1. How Googlebot Crawls Ecommerce Sites
2. The Crawl Queue and Priority System
3. JavaScript Rendering and Ecommerce Platforms
4. XML Sitemaps for Product Discovery
5. Internal Links as Discovery Paths
6. Common Discovery Problems in Ecommerce
7. Inside Google's Indexing Pipeline: Trawler, Alexandria and Mustang

How Googlebot Crawls Ecommerce Sites

Googlebot is the software Google uses to fetch web pages. It works by following links from one page to the next, much like a shopper clicking through your store. When it lands on a page, it reads the HTML, follows links it finds there, and adds newly discovered URLs to its crawl queue.

For ecommerce sites, this crawling process hits complications fast. A homepage might link to 15 category pages, each linking to 20 subcategories, each listing 40 products. That is already 12,000 product pages discovered from a single crawl path. But Googlebot does not have unlimited resources. Google assigns each site a crawl budget based on the site's authority and server capacity.

A mid-sized store with moderate domain authority might see Googlebot request 5,000 to 15,000 pages per day. If your store has 80,000 URLs including filtered views and pagination, it could take weeks for Googlebot to visit every page once. That is why crawl efficiency matters so much for ecommerce. Every URL Googlebot wastes on a low-value filtered page is a URL it did not spend on a product page you actually want ranked. Learn more about how this process continues in our guide to crawling and indexing product pages.

Crawl Budget Math

15 categories x 20 subcategories x 40 products = 12,000 product pages from one crawl path. Add filtered views and pagination, and a 50,000-SKU store can easily generate 200,000+ crawlable URLs.

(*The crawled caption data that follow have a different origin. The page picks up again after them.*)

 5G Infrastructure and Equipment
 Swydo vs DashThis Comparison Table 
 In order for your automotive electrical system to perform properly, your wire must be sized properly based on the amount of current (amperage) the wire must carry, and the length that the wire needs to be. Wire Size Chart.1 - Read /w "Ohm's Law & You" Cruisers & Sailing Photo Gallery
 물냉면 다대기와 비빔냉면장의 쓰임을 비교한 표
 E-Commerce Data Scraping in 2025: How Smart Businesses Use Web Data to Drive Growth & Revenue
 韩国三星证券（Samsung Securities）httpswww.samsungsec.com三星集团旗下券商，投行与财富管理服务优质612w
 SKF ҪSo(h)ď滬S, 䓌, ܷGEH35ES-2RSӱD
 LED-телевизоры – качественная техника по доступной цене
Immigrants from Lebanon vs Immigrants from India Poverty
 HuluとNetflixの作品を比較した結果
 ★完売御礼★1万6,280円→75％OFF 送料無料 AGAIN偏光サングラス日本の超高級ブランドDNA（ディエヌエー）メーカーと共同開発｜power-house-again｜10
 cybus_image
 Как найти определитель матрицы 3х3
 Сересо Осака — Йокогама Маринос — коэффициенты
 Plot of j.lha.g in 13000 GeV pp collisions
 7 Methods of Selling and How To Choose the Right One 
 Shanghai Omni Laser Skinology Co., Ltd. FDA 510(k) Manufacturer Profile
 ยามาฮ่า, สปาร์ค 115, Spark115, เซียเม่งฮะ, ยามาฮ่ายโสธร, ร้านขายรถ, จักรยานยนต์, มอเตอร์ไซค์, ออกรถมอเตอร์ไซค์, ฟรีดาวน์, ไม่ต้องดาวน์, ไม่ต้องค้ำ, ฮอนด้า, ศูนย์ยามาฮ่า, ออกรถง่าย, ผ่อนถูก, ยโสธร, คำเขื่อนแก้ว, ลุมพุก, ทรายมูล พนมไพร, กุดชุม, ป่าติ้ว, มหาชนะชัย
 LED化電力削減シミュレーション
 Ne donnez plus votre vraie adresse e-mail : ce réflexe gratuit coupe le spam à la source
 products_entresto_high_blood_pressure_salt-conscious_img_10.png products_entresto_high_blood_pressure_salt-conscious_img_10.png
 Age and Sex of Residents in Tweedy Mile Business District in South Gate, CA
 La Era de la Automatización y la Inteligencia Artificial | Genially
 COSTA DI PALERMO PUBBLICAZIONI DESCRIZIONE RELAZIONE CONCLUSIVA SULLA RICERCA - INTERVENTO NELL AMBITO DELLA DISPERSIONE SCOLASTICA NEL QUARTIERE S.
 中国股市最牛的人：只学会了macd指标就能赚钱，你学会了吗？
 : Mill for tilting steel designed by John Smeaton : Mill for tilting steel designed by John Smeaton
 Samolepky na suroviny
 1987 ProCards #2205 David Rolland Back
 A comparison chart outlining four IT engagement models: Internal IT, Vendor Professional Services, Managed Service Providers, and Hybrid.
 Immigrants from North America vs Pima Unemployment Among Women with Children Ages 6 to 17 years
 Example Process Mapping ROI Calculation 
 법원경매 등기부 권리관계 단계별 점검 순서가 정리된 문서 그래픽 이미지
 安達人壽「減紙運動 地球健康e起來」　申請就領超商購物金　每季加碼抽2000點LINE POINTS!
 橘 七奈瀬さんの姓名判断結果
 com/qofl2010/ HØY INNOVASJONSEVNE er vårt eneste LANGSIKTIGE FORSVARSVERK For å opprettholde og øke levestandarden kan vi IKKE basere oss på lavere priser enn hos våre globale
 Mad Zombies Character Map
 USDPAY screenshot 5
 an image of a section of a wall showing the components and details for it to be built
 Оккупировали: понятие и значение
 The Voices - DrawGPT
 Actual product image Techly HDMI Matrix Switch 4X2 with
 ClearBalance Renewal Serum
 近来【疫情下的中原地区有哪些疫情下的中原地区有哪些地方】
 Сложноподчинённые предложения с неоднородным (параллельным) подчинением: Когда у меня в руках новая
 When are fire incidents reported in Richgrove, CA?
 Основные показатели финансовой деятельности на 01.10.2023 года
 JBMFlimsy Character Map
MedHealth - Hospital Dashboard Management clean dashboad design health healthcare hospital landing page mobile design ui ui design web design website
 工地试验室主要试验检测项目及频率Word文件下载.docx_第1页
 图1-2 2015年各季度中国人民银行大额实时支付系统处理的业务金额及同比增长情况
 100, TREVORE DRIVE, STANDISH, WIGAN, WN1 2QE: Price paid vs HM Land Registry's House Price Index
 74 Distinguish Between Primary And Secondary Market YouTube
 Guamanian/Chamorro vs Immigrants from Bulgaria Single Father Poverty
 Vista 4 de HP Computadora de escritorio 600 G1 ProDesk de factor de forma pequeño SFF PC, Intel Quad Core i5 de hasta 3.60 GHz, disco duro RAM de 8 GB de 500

Diagram showing how Googlebot crawls an ecommerce store from homepage through categories to product pages — Googlebot follows links from homepage to categories to products. Pages deeper in the hierarchy get crawled less often.

Googlebot follows links from page to page to discover URLs

Each site gets a crawl budget based on authority and server speed

Large stores may take weeks for full crawl coverage

Low-value pages consume budget that could go to product pages

The Crawl Queue and Priority System

Googlebot does not crawl all pages equally. It maintains a priority queue that determines which URLs get crawled first and how often they get revisited. Pages that change frequently, receive more internal links, or have higher authority get crawled more often.

Your homepage might get crawled several times per day. Top-level category pages may be crawled daily or every few days. Individual product pages deeper in the site structure might only get crawled every few weeks. For a seasonal product that just launched, that delay can mean missing weeks of potential search traffic.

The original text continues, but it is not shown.